When the report was originally released on May 13th, Politico reported:
The new Medicare trustees report says the trust fund is now likely to run out of money in 2024, five years earlier than predicted last year....But if you look at the actual report, beginning on page 265, Richard Foster, the Chief Medicare actuary has a much different opinion than the politicians who created the report Turbo-tax Tim presented to the public almost two weeks ago. He basically said the projections made by the politicians were bogus.
At a press briefing, Treasury Secretary Timothy Geithner said the change in the projection was due to “technical changes in the economic assumptions underlying the projections.”
CMS also said the passage of the health care reform law added eight years of life to the Medicare trust fund. Without the law, the agency said, the trust fund would go into the red in 2016.
Further, while the Affordable Care Act makes important changes to the Medicare program and substantially improves its financial outlook, there is a strong likelihood that certain of these changes will not be viable in the long range. Specifically, the annual price updates for most categories of non-physician health services will be adjusted downward each year by the growth in economy-wide productivity. The best available evidence indicates that most health care providers cannot improve their productivity to this degree—or even approach such a level—as a result of the labor-intensive nature of these services.
Without major changes in health care delivery systems, the prices paid by Medicare for health services are very likely to fall increasingly short of the costs of providing these services.

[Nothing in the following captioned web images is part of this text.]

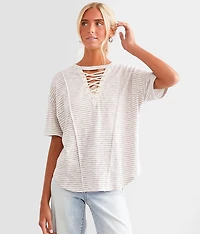 Oversized Lace-Up Top
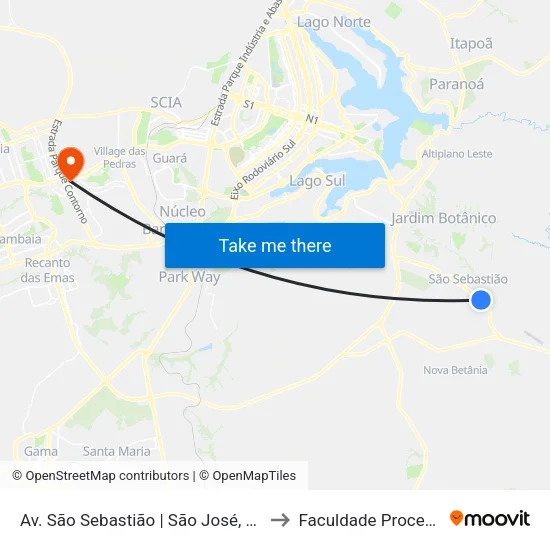 Av. São Sebastião | São José, Qd. 36 to Faculdade Processus map
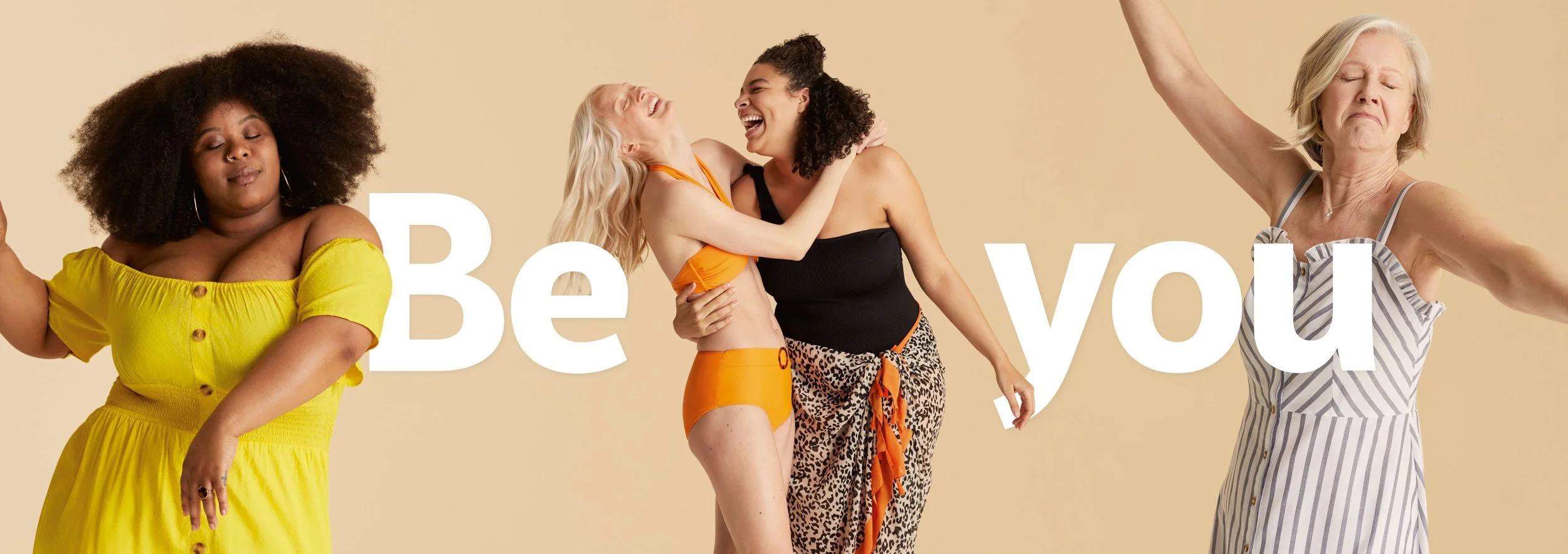Tu Clothing rebrand campaign featuring three unretouched street-cast models and ‘Be You’ campaign typography, celebrating body positivity and an authentic representation of real women.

By the end of the long-range projection period, Medicare prices for hospital, skilled nursing facility, home health, hospice, ambulatory surgical center, diagnostic laboratory, and many other services would be less than half of their level under the prior law. Medicare prices would be considerably below the current relative level of Medicaid prices, which have already led to access problems for Medicaid enrollees, and far below the levels paid by private health insurance. Well before that point, Congress would have to intervene to prevent the withdrawal of providers from the Medicare market and the severe problems with beneficiary access to care that would result. Overriding the productivity adjustments, as Congress has done repeatedly in the case of physician payment rates, would lead to far higher costs for Medicare in the long range than those projected under current law.
Foster went on to point out an alternate report completed by his office which pointed out:
For these reasons, the financial projections shown in this report for Medicare do not represent a reasonable expectation for actual program operations in either the short range (as a result of the unsustainable reductions in physician payment rates) or the long range (because of the strong likelihood that the statutory reductions in price updates for most categories of Medicare provider services will not be viable).
One of the most important factors in projecting Medicare expenditures are the annual payment updates to Medicare providers. The estimates shown in the 2011 Trustees Report are complicated substantially by mandated reductions in these payment updates for most Medicare services. In particular, Medicare payment rates for physician services as determined by the Sustainable Growth Rate (SGR) system are scheduled to be reduced by roughly 30 percent in 2012. For most of the other categories of Medicare providers, the recently enacted Patient Protection and Affordable Care Act (ACA), as amended, calls for a reduction in payment rate updates equal to the increase in economy-wide multifactor productivity. As described in more detail below, in our view the scheduled physician payment reduction is implausible and there is a strong likelihood that the productivity adjustments will not be sustainable in the long range. It is reasonable to expect that Congress would find it necessary to legislatively override or otherwise modify the reductions in the future to ensure that Medicare beneficiaries continue to have access to health care services.In other words, that $500 billion dollars of Medicare Savings double counted in the "Obamacare" bill just "ain't gonna happen," just like most of what we have been told by the progressives about the president's staple health care bill.
Eventually to pay for this trillion dollar overrun, Seniors will end up with reduced care. So it seems as if it is the Democrats who will be "pushing seniors off the cliff."